• PROBLEM STATEMENT: Every line from the one containing "Hello friends, welcome" through the end of the listing below goes in the output, exactly and without pictures.

________

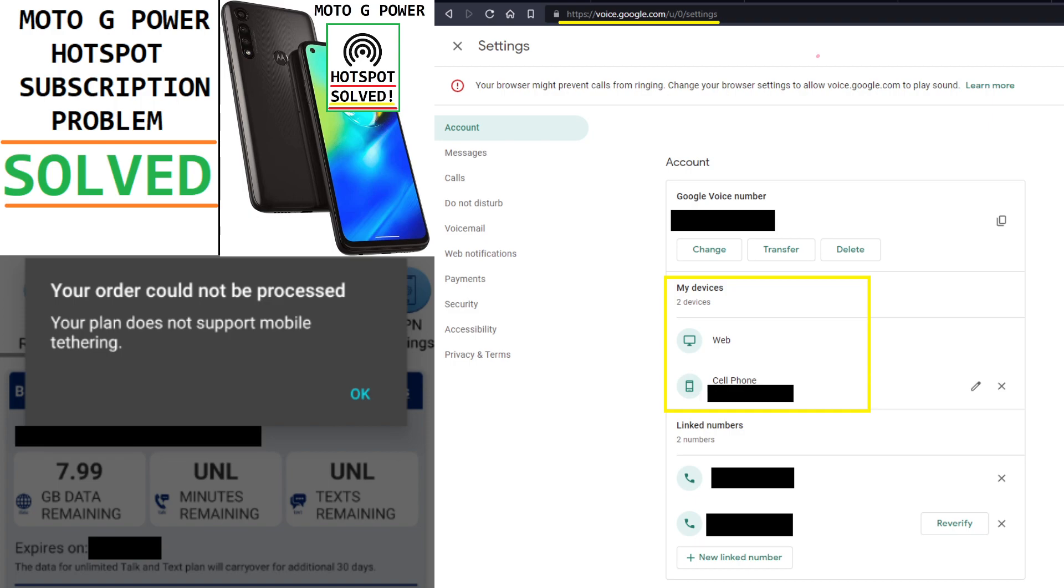And if what I've said doesn't work and you've tried other things and they didn't work, then I don't know what to say. I'm sorry. So good luck and enjoy your hotspot solution if this worked.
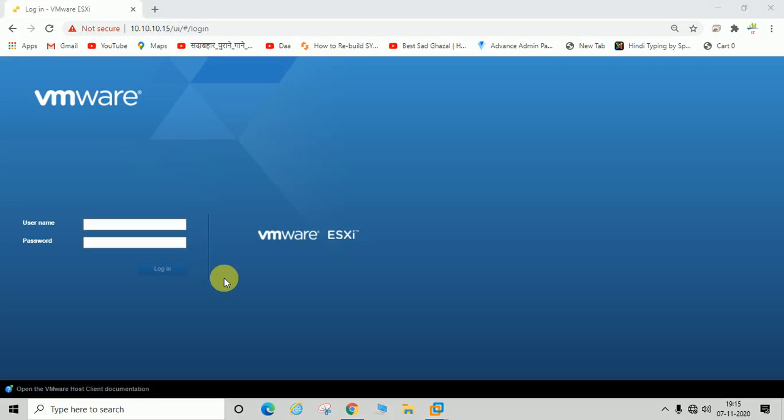Hello guys, welcome back to my channel. Today we will learn how to export OVF or OVA file of a VM machine that is deployed on ESXi server or ESXi host. I am going to log in here.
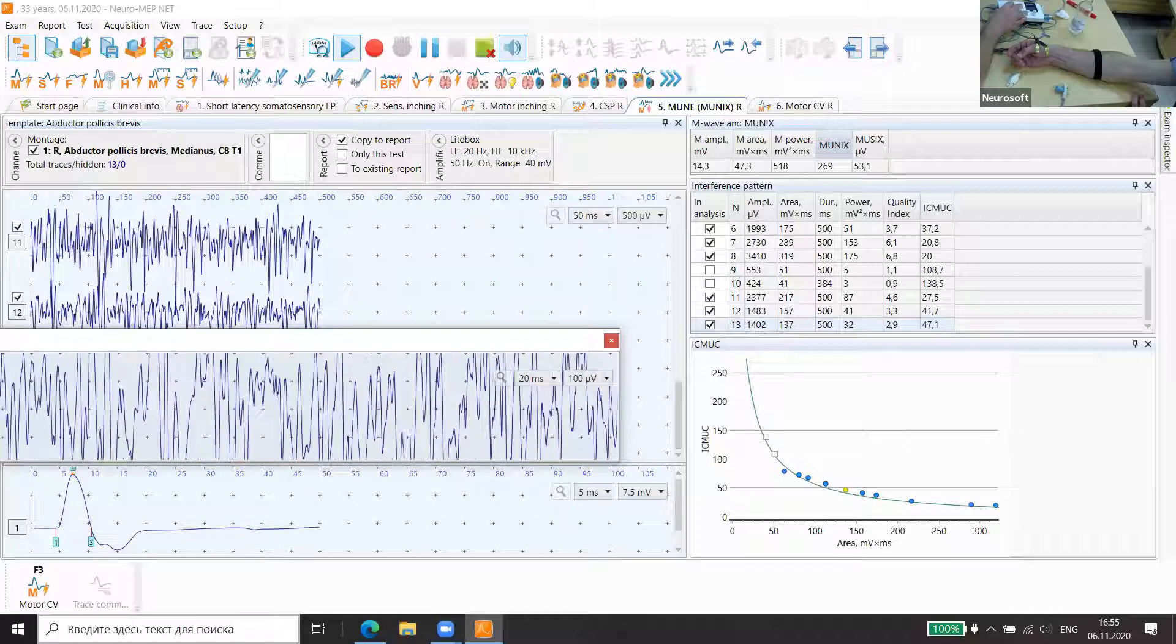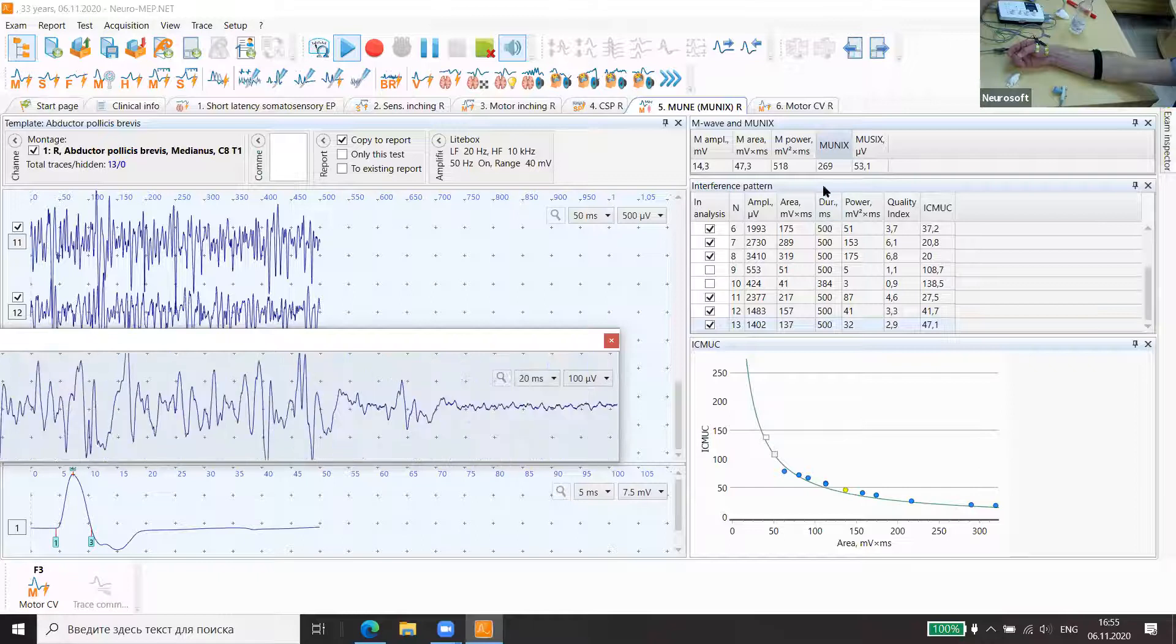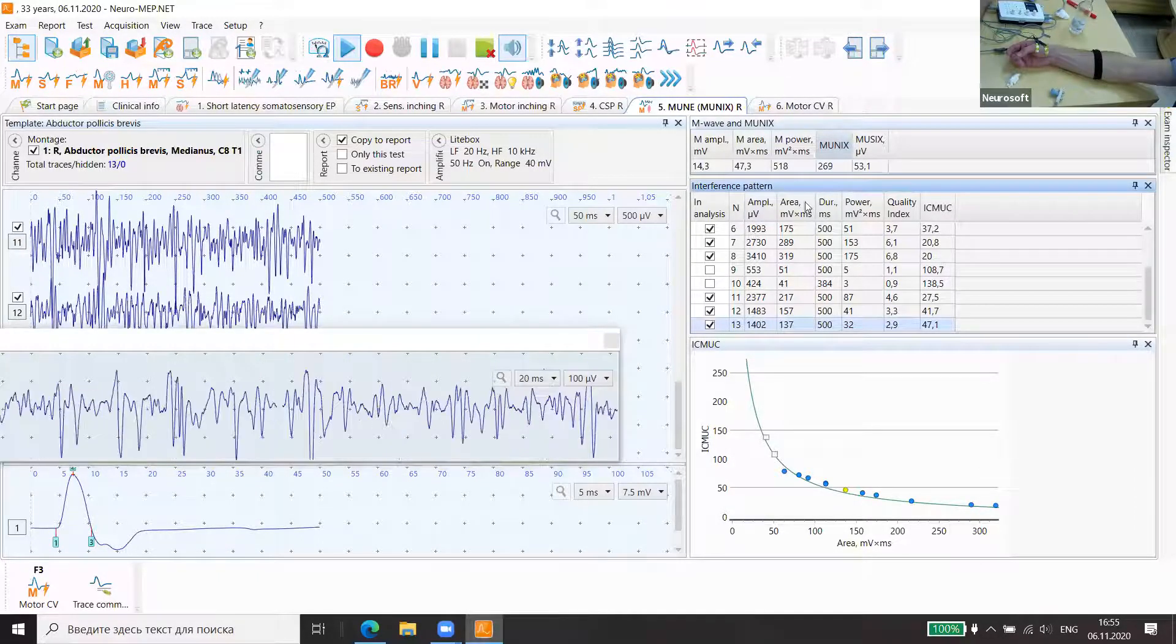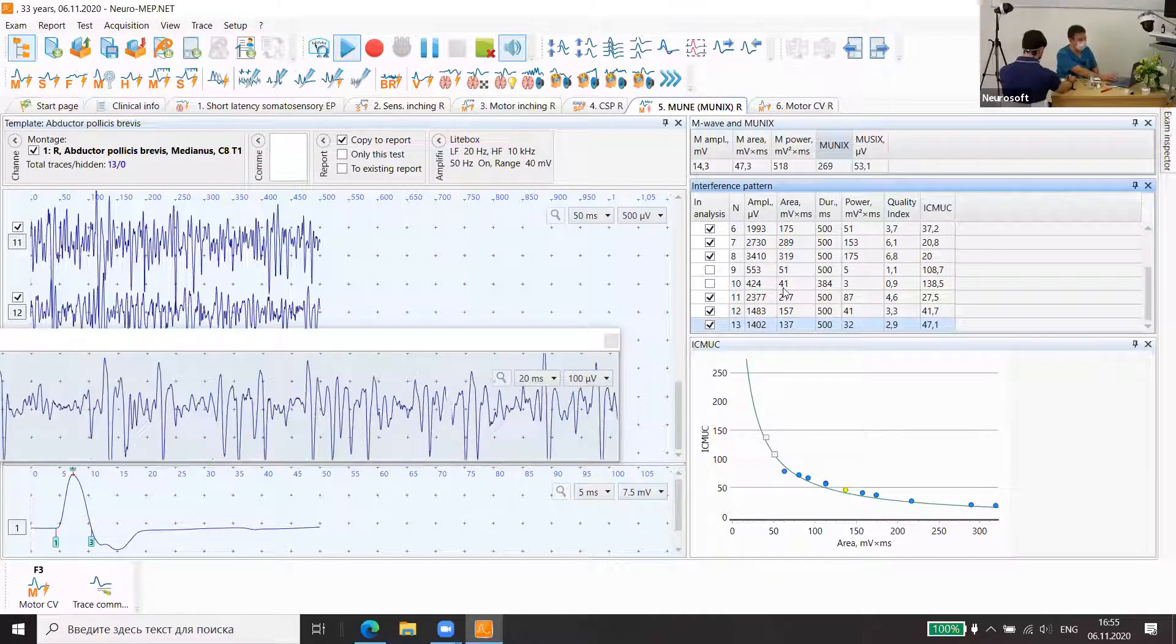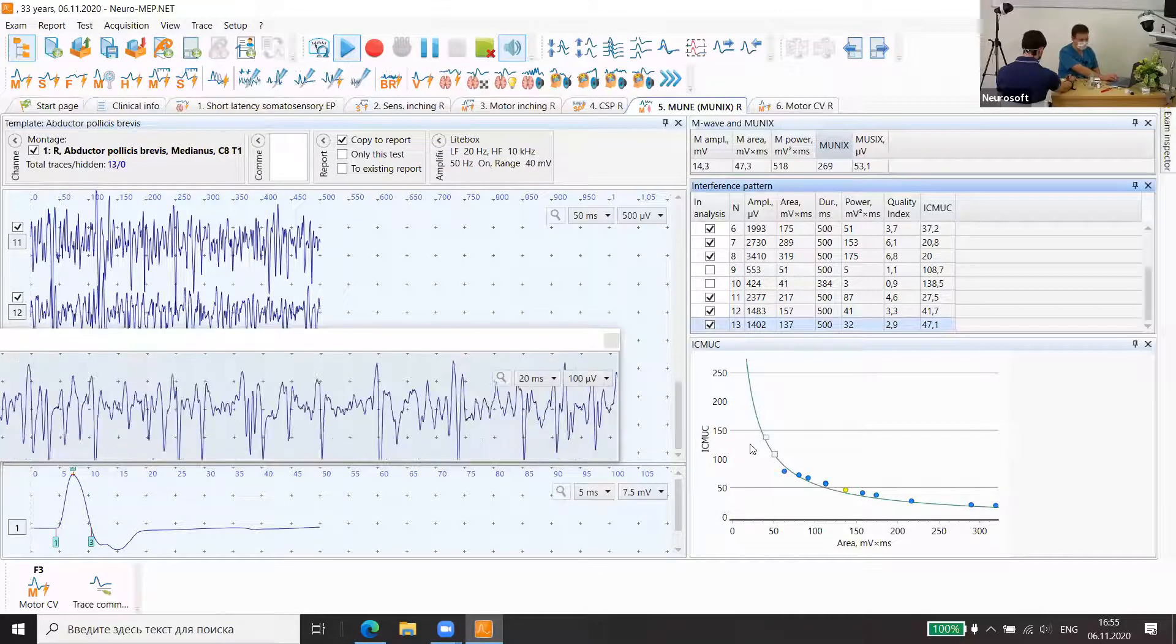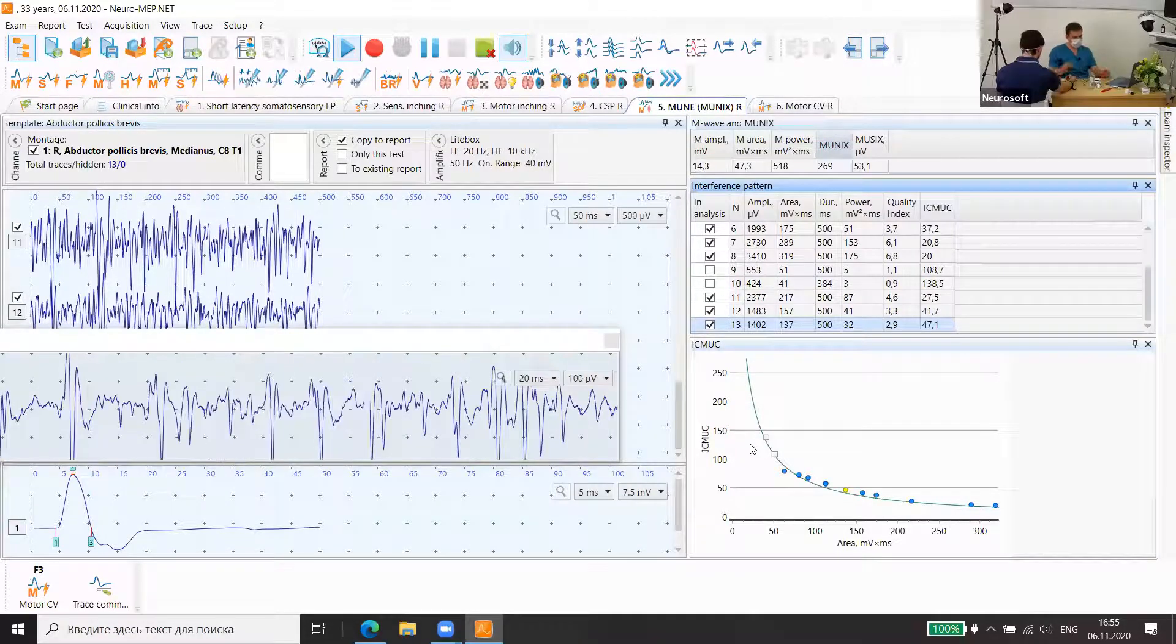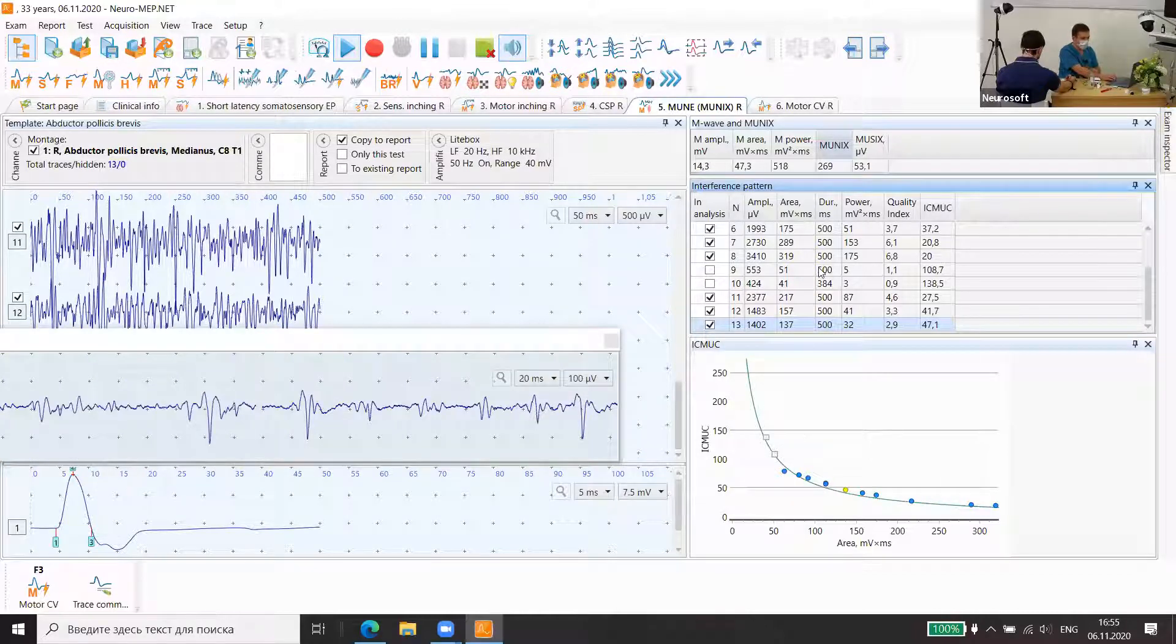Already we can see the curve quite good. This is MUNIX. There are different data about MUNIX normal values, but it's semi-scientific methods nowadays. We can go up to 20 measurements.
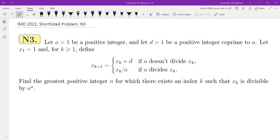In this video we're going to go over problem N3 from IMO 2022. Let A greater than 1 be a positive integer and D greater than 1 be a positive integer co-prime to A. Let X₁ equals 1 and K greater than or equal to 1. Define this sequence recursively: X_{K+1} equals X_K plus D if A doesn't divide X_K, and X_K over D if A divides X_K. We want to find the largest positive integer N for which there exists an index K such that X_K is divisible by A to the power of N. At this point you may want to pause the video and think about this problem.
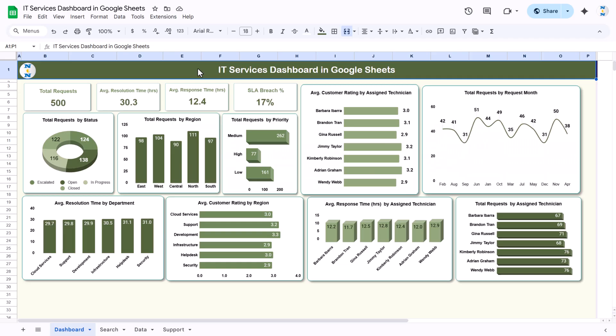Hello friends, welcome to New Tech Navigators. My name is BK. In this video you will learn how to create this IT service dashboard in Google Sheets. As you are seeing on my screen, we are showing this dashboard sheet tab.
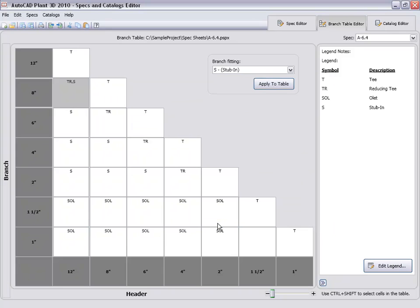This spec can now be used to route pipe in the project. As you can see, creating a piping spec with AutoCAD Plant 3D can be done quickly without sacrificing the detail that your spec requires.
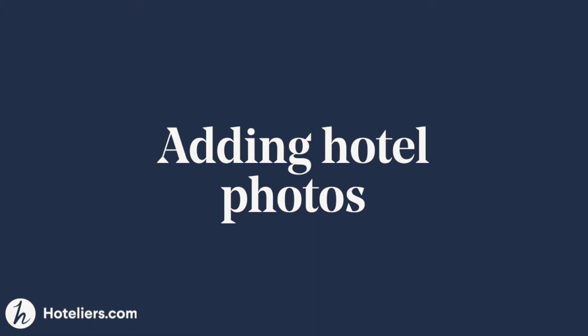In this video we explained how to change the hotel's main photo and the hotel's album photos. Check out the other videos if you want to change room photos or package photos.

________

• EXPECTED OUTPUT:
Hello friends, welcome to New Tech Navigators. My name is BK. In this video you will learn how to create this IT service dashboard in Google Sheets. As you are seeing on my screen, we are showing this dashboard sheet tab.
This spec can now be used to route pipe in the project. As you can see, creating a piping spec with AutoCAD Plant 3D can be done quickly without sacrificing the detail that your spec requires.
In this video we explained how to change the hotel's main photo and the hotel's album photos. Check out the other videos if you want to change room photos or package photos.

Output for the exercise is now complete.